ただし、現象の多彩さ、壮大さに比べて、霊的講話の方はあまりめざましくなかったようで、「太陽の温度は低く、植物で覆われている」という発言には親友のアデア卿も戸惑ったという。ヒュームの交霊会によって確信を得、後に英国スピリチュアリズムの中心人物となったステイントン・モーゼズは、「彼は善良で誠実な人物だが、知性的ではなく、論議もへただった」と述べている[Fodor, 1933, p.174]。

イギリスにおけるスピリチュアリズムの熱狂的隆盛は、ハイズヴィル事件後のアメリカのそれに勝るとも劣らなかったようである。「ロンドンでは毎晩、何千というテーブルが宙に浮いている」と言われるほどであったし、ヒュームの完璧さには及ばないにせよ様々な霊現象を起こす霊媒(特に女性霊媒)が続々と生まれた。

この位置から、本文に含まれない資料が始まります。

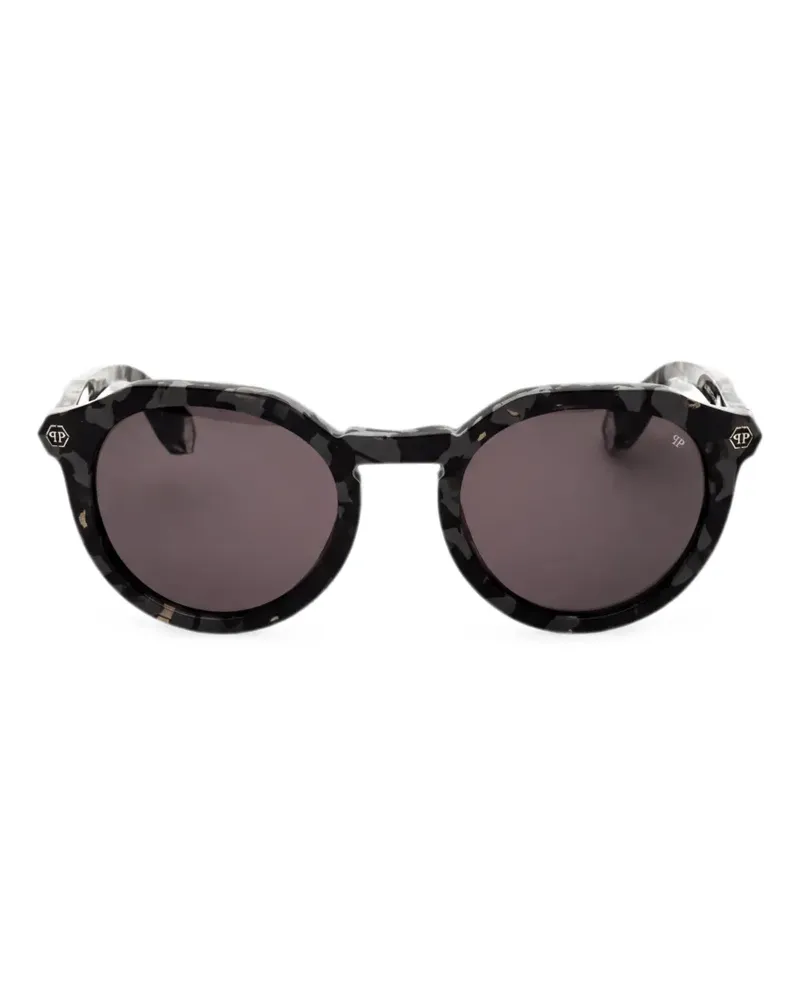Philipp Plein tortoiseshell-effect round-frame sunglasses - Grau Grau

知識人の「転向」も相次いだ。進化論をダーウィンとほぼ同時に提唱したアルフレッド・ラッセル・ウォーレス、タリウムを発見した科学者サー・ウィリアム・クルックスなどである。
ウォーレスはダーウィンとは別個に進化論と自然選択説を構想したが、年長のダーウィンに栄誉を譲った博物学者である。彼が重鎮ダーウィンに論文「変種がもとのタイプから無限に遠ざかる傾向について」を送ったのは一八五八年、同じことを思いつきながら公表せずにいたダーウィンがあわてて『種の起源』を刊行したのはその翌年である。ところがウォーレスは、一八六五年になるとスピリチュアリズムに関心を持ち、霊媒のもとへ通うようになった。そして、妹の同居人であるアグネス・ニコル嬢(のちのガッピー夫人、?―一九一七)が、強力な霊能を持っていることを発見した。出席者と手をつないだまま腰かけた椅子ごとテーブルの上まで浮かび上がったり、楽器がひとりでに音楽を奏でたりし、さらには「アポーツ」と呼ばれる、物体がどこかから突然現われる現象(物理的心霊現象の中でもきわめて起こりにくいとされている)が起こった。

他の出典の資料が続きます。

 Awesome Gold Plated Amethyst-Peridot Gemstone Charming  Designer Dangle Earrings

この霊媒のアポーツ能力はとてつもないものだったようで、ウォーレスの友人がひまわりを求めた時には、高さ約一八〇センチの、根に土のついたものがどっかりとテーブルの上に落ちた。後の話だが、ナポリのマルゲリーテ王女がとげのあるサボテンを求めた際には、二十個以上が出現して後片付けに苦労したというし、アルピーノ公爵夫人が海の砂を望んだ時には、海水やヒトデごと一緒にテーブルにぶちまけられたという[Fodor, 1933, p,155]。
こうした体験によって、ウォーレスはスピリチュアリズムを受け入れ、一八七四年には『奇跡と近代スピリチュアリズムについて』[ウォレス、一九八五年]を刊行し、完全にスピリチュアリズム擁護の立場に回った。といってもウォーレスは進化論や自然選択説を完全に否定したわけではなく、物質的進化と霊的進化との二つの原理があると主張するようになったのである。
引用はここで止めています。